╭─ Dataset entries

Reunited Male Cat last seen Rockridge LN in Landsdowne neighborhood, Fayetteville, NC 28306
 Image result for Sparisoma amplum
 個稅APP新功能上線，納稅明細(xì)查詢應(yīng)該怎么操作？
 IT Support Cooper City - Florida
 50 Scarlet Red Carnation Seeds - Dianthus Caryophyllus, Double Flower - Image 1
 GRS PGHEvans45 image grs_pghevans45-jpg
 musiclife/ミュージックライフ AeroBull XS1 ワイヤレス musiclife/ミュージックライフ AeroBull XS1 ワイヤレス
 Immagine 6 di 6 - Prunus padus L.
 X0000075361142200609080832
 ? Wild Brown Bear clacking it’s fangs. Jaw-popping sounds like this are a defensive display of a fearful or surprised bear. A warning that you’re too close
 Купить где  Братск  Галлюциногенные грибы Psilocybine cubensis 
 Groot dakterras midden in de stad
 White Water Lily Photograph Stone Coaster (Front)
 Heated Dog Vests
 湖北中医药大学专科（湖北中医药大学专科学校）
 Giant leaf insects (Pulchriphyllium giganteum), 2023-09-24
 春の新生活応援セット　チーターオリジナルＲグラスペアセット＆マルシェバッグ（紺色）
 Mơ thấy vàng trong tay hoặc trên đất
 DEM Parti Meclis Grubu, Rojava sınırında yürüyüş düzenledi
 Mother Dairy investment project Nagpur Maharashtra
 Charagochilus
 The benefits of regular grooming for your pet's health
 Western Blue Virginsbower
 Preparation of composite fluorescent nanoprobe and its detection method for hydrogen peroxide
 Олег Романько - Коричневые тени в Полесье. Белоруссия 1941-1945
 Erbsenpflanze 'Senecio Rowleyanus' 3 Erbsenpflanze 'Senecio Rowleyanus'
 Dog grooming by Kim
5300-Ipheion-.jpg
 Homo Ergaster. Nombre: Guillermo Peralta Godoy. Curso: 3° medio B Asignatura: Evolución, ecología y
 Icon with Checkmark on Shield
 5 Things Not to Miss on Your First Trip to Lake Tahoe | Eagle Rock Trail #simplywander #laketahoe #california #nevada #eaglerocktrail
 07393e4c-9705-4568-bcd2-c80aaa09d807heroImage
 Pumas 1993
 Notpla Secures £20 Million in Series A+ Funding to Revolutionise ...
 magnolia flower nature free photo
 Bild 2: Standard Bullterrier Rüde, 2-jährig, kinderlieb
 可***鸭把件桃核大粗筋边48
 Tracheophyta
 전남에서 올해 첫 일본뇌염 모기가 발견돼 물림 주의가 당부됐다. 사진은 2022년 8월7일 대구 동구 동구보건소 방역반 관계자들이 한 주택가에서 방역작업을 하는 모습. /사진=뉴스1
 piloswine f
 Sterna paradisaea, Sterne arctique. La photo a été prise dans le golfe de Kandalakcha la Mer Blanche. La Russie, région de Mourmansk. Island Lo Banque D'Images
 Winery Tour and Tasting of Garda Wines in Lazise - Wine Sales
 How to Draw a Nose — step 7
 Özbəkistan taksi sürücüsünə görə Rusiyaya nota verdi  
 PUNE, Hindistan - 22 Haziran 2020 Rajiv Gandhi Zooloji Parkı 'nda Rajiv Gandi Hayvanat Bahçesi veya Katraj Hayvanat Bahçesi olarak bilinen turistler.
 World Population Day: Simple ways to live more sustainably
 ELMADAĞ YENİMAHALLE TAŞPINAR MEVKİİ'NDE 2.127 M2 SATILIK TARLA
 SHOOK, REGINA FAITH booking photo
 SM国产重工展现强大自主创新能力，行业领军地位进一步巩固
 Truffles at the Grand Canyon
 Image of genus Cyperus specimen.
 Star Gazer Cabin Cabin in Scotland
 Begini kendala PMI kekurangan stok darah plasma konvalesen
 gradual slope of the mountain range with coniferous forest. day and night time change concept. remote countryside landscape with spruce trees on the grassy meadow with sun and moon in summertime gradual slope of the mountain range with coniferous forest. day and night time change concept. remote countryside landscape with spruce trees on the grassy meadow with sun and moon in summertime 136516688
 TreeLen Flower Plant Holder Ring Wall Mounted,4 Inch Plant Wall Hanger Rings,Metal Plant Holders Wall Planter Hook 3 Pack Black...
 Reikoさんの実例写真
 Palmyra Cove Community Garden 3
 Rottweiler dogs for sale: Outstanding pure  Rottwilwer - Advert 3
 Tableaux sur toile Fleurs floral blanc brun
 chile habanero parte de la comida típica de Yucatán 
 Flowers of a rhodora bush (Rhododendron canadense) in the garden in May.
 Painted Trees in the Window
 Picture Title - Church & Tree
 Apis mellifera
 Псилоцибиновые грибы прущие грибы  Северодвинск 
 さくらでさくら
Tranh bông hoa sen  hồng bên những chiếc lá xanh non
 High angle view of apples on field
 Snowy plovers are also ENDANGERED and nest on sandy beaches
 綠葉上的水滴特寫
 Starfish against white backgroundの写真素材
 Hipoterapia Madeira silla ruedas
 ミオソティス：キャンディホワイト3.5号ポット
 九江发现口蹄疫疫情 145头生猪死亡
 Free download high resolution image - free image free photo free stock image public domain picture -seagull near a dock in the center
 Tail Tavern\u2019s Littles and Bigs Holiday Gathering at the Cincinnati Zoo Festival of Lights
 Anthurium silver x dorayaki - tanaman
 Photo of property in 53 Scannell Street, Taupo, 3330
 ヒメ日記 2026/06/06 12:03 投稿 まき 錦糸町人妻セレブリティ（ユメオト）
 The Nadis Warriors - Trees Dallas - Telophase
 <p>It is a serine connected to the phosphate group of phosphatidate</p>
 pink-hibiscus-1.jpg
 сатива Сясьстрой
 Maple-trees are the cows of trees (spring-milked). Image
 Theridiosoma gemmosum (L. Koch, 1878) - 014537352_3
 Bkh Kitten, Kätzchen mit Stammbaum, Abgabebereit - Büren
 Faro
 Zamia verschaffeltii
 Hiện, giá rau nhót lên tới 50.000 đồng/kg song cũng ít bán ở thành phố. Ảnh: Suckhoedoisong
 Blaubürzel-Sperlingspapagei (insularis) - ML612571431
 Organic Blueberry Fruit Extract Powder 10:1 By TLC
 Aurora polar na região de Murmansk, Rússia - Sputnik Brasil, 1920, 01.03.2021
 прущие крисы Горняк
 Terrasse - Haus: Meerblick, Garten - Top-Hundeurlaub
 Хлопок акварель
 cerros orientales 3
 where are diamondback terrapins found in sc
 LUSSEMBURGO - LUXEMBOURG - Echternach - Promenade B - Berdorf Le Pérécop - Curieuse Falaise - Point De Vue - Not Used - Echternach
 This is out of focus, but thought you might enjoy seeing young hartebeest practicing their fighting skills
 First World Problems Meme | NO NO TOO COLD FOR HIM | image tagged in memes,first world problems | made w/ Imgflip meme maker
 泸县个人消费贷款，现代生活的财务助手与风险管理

╰─

→ **Task objective**: All of the records above must be reproduced exactly.

→ **Answer below**:
Reunited Male Cat last seen Rockridge LN in Landsdowne neighborhood, Fayetteville, NC 28306
 Image result for Sparisoma amplum
 個稅APP新功能上線，納稅明細(xì)查詢應(yīng)該怎么操作？
 IT Support Cooper City - Florida
 50 Scarlet Red Carnation Seeds - Dianthus Caryophyllus, Double Flower - Image 1
 GRS PGHEvans45 image grs_pghevans45-jpg
 musiclife/ミュージックライフ AeroBull XS1 ワイヤレス musiclife/ミュージックライフ AeroBull XS1 ワイヤレス
 Immagine 6 di 6 - Prunus padus L.
 X0000075361142200609080832
 ? Wild Brown Bear clacking it’s fangs. Jaw-popping sounds like this are a defensive display of a fearful or surprised bear. A warning that you’re too close
 Купить где  Братск  Галлюциногенные грибы Psilocybine cubensis 
 Groot dakterras midden in de stad
 White Water Lily Photograph Stone Coaster (Front)
 Heated Dog Vests
 湖北中医药大学专科（湖北中医药大学专科学校）
 Giant leaf insects (Pulchriphyllium giganteum), 2023-09-24
 春の新生活応援セット　チーターオリジナルＲグラスペアセット＆マルシェバッグ（紺色）
 Mơ thấy vàng trong tay hoặc trên đất
 DEM Parti Meclis Grubu, Rojava sınırında yürüyüş düzenledi
 Mother Dairy investment project Nagpur Maharashtra
 Charagochilus
 The benefits of regular grooming for your pet's health
 Western Blue Virginsbower
 Preparation of composite fluorescent nanoprobe and its detection method for hydrogen peroxide
 Олег Романько - Коричневые тени в Полесье. Белоруссия 1941-1945
 Erbsenpflanze 'Senecio Rowleyanus' 3 Erbsenpflanze 'Senecio Rowleyanus'
 Dog grooming by Kim
5300-Ipheion-.jpg
 Homo Ergaster. Nombre: Guillermo Peralta Godoy. Curso: 3° medio B Asignatura: Evolución, ecología y
 Icon with Checkmark on Shield
 5 Things Not to Miss on Your First Trip to Lake Tahoe | Eagle Rock Trail #simplywander #laketahoe #california #nevada #eaglerocktrail
 07393e4c-9705-4568-bcd2-c80aaa09d807heroImage
 Pumas 1993
 Notpla Secures £20 Million in Series A+ Funding to Revolutionise ...
 magnolia flower nature free photo
 Bild 2: Standard Bullterrier Rüde, 2-jährig, kinderlieb
 可***鸭把件桃核大粗筋边48
 Tracheophyta
 전남에서 올해 첫 일본뇌염 모기가 발견돼 물림 주의가 당부됐다. 사진은 2022년 8월7일 대구 동구 동구보건소 방역반 관계자들이 한 주택가에서 방역작업을 하는 모습. /사진=뉴스1
 piloswine f
 Sterna paradisaea, Sterne arctique. La photo a été prise dans le golfe de Kandalakcha la Mer Blanche. La Russie, région de Mourmansk. Island Lo Banque D'Images
 Winery Tour and Tasting of Garda Wines in Lazise - Wine Sales
 How to Draw a Nose — step 7
 Özbəkistan taksi sürücüsünə görə Rusiyaya nota verdi  
 PUNE, Hindistan - 22 Haziran 2020 Rajiv Gandhi Zooloji Parkı 'nda Rajiv Gandi Hayvanat Bahçesi veya Katraj Hayvanat Bahçesi olarak bilinen turistler.
 World Population Day: Simple ways to live more sustainably
 ELMADAĞ YENİMAHALLE TAŞPINAR MEVKİİ'NDE 2.127 M2 SATILIK TARLA
 SHOOK, REGINA FAITH booking photo
 SM国产重工展现强大自主创新能力，行业领军地位进一步巩固
 Truffles at the Grand Canyon
 Image of genus Cyperus specimen.
 Star Gazer Cabin Cabin in Scotland
 Begini kendala PMI kekurangan stok darah plasma konvalesen
 gradual slope of the mountain range with coniferous forest. day and night time change concept. remote countryside landscape with spruce trees on the grassy meadow with sun and moon in summertime gradual slope of the mountain range with coniferous forest. day and night time change concept. remote countryside landscape with spruce trees on the grassy meadow with sun and moon in summertime 136516688
 TreeLen Flower Plant Holder Ring Wall Mounted,4 Inch Plant Wall Hanger Rings,Metal Plant Holders Wall Planter Hook 3 Pack Black...
 Reikoさんの実例写真
 Palmyra Cove Community Garden 3
 Rottweiler dogs for sale: Outstanding pure  Rottwilwer - Advert 3
 Tableaux sur toile Fleurs floral blanc brun
 chile habanero parte de la comida típica de Yucatán 
 Flowers of a rhodora bush (Rhododendron canadense) in the garden in May.
 Painted Trees in the Window
 Picture Title - Church & Tree
 Apis mellifera
 Псилоцибиновые грибы прущие грибы  Северодвинск 
 さくらでさくら
Tranh bông hoa sen  hồng bên những chiếc lá xanh non
 High angle view of apples on field
 Snowy plovers are also ENDANGERED and nest on sandy beaches
 綠葉上的水滴特寫
 Starfish against white backgroundの写真素材
 Hipoterapia Madeira silla ruedas
 ミオソティス：キャンディホワイト3.5号ポット
 九江发现口蹄疫疫情 145头生猪死亡
 Free download high resolution image - free image free photo free stock image public domain picture -seagull near a dock in the center
 Tail Tavern\u2019s Littles and Bigs Holiday Gathering at the Cincinnati Zoo Festival of Lights
 Anthurium silver x dorayaki - tanaman
 Photo of property in 53 Scannell Street, Taupo, 3330
 ヒメ日記 2026/06/06 12:03 投稿 まき 錦糸町人妻セレブリティ（ユメオト）
 The Nadis Warriors - Trees Dallas - Telophase
 <p>It is a serine connected to the phosphate group of phosphatidate</p>
 pink-hibiscus-1.jpg
 сатива Сясьстрой
 Maple-trees are the cows of trees (spring-milked). Image
 Theridiosoma gemmosum (L. Koch, 1878) - 014537352_3
 Bkh Kitten, Kätzchen mit Stammbaum, Abgabebereit - Büren
 Faro
 Zamia verschaffeltii
 Hiện, giá rau nhót lên tới 50.000 đồng/kg song cũng ít bán ở thành phố. Ảnh: Suckhoedoisong
 Blaubürzel-Sperlingspapagei (insularis) - ML612571431
 Organic Blueberry Fruit Extract Powder 10:1 By TLC
 Aurora polar na região de Murmansk, Rússia - Sputnik Brasil, 1920, 01.03.2021
 прущие крисы Горняк
 Terrasse - Haus: Meerblick, Garten - Top-Hundeurlaub
 Хлопок акварель
 cerros orientales 3
 where are diamondback terrapins found in sc
 LUSSEMBURGO - LUXEMBOURG - Echternach - Promenade B - Berdorf Le Pérécop - Curieuse Falaise - Point De Vue - Not Used - Echternach
 This is out of focus, but thought you might enjoy seeing young hartebeest practicing their fighting skills
 First World Problems Meme | NO NO TOO COLD FOR HIM | image tagged in memes,first world problems | made w/ Imgflip meme maker
 泸县个人消费贷款，现代生活的财务助手与风险管理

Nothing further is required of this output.